Getting started with resquin
Source:vignettes/getting_started_with_resquin.Rmd
getting_started_with_resquin.Rmd
An introduction to resquin
This short tutorial describe the functions in resquin
and how you can use them on a technical level. For a more substantive
introduction see the (forthcoming) article Using
resquin in practice.
Functions in resquin
calculate response quality
indicators for survey data stored in a data frame or tibble. The
functions assume that the input data frame is structured in the
following way:
- The data frame is in wide format, meaning each row represents one respondent, each column represents one variable.
- All variables have the same number of response options.
- The variables are in same the order as the questions respondents saw while taking the survey.
- All responses have integer values.
- Missing values are set to
NA
. - (For
resp_styles()
) Reverse keyed variables are in their original form. No items were recoded.
Example dataset of survey responses
Consider the following (fake) data set of survey responses.
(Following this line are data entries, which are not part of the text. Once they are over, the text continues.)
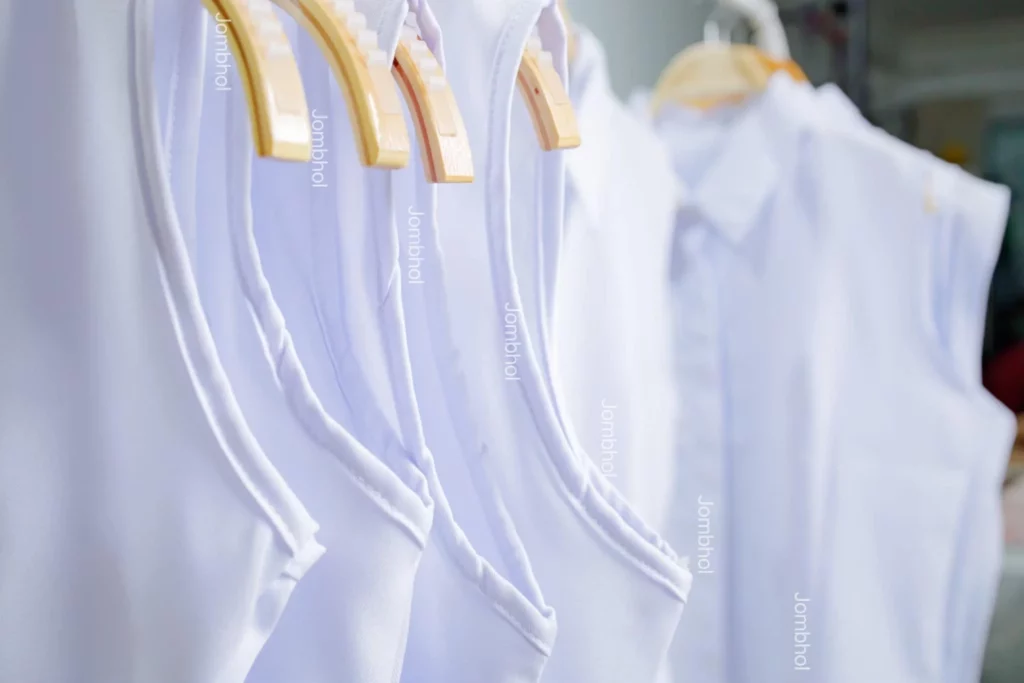 เสื้อเชิ้ตแขนกุดผู้หญิง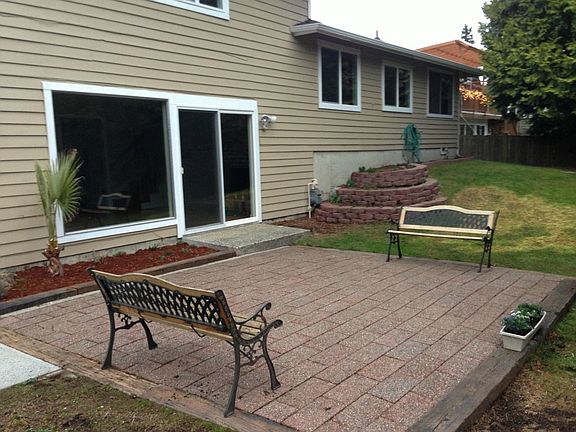 4th image of 12117 NE 142nd St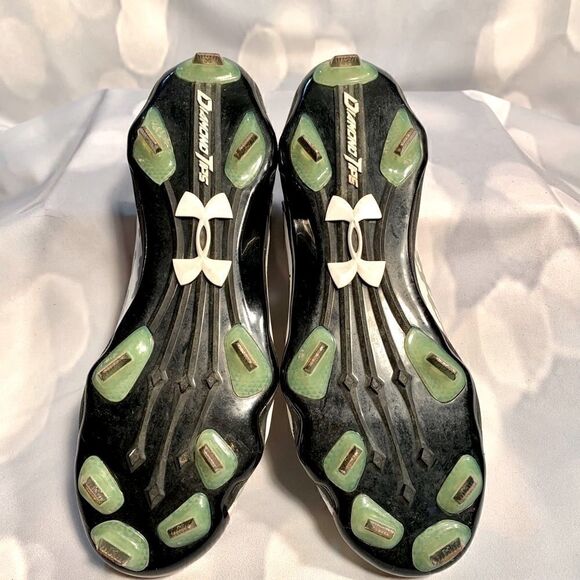 UNDER ARMOUR CLEATS - Picture 5 of 6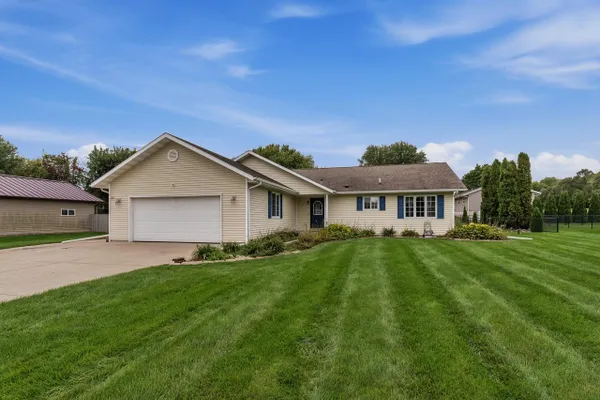 N4445 HICKORY RD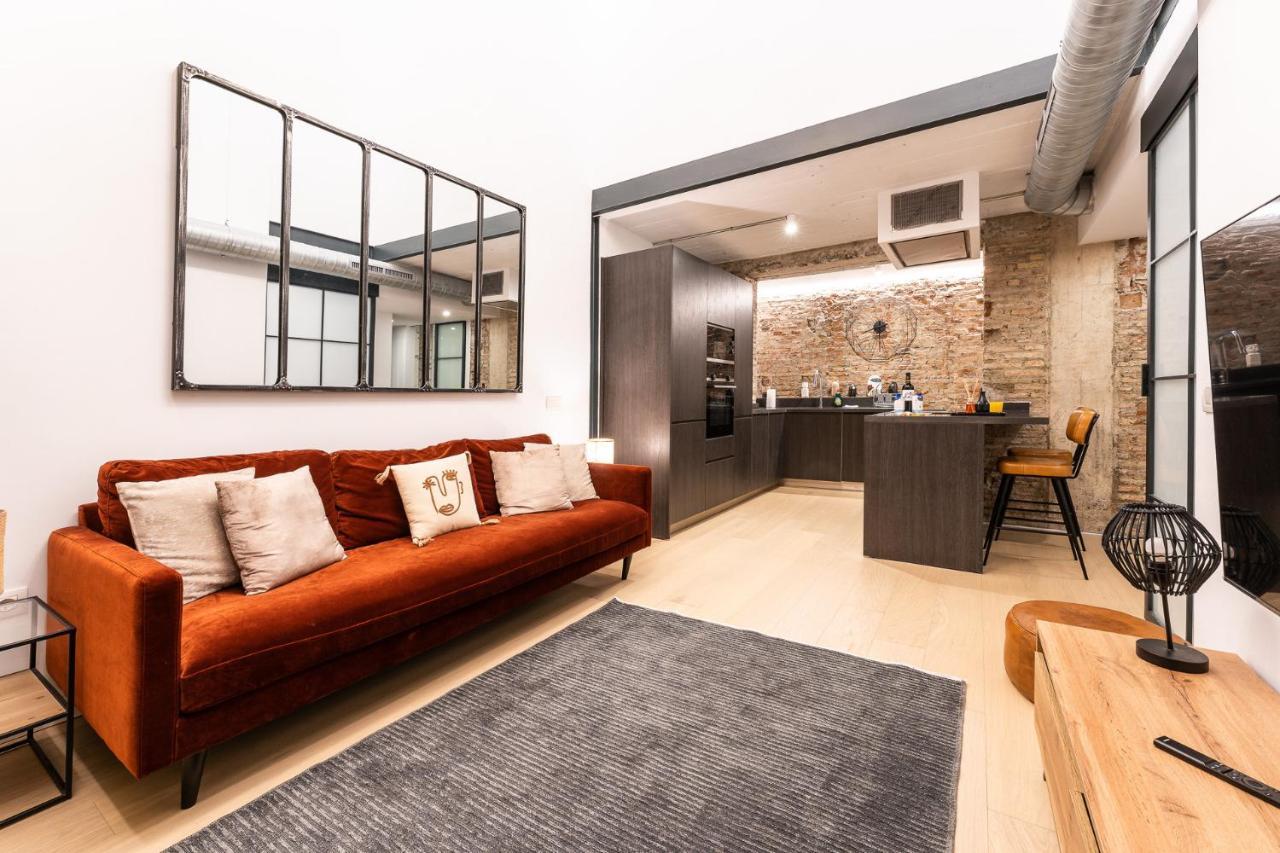 High Ceiling Gem In Heart Of Historic District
# A test data set with three items and ten respondents
testdata <- data.frame(
var_a = c(1,4,3,5,3,2,3,1,3,NA),
var_b = c(2,5,2,3,4,1,NA,2,NA,NA),
var_c = c(1,2,3,NA,3,4,4,5,NA,NA))
testdata
#> var_a var_b var_c
#> 1 1 2 1
#> 2 4 5 2
#> 3 3 2 3
#> 4 5 3 NA
#> 5 3 4 3
#> 6 2 1 4
#> 7 3 NA 4
#> 8 1 2 5
#> 9 3 NA NA
#> 10 NA NA NA
The data set contains responses to three survey questions
(var_a,var_b and var_c) from ten respondents. All three survey question
allow responses on a scale from 1 to 5. Some respondents have missing
values, which are set to NA
.
Lets use this data set to calculate response quality indicators.
resp_styles()
: Response style indicators
Response styles capture systematic shifts in respondents response behavior. For example, respondents with an extreme response style may only choose the lowest and highest categories (in our example 1 and 5) while mid-point responder only choose the midpoint of a scale (in our example 3).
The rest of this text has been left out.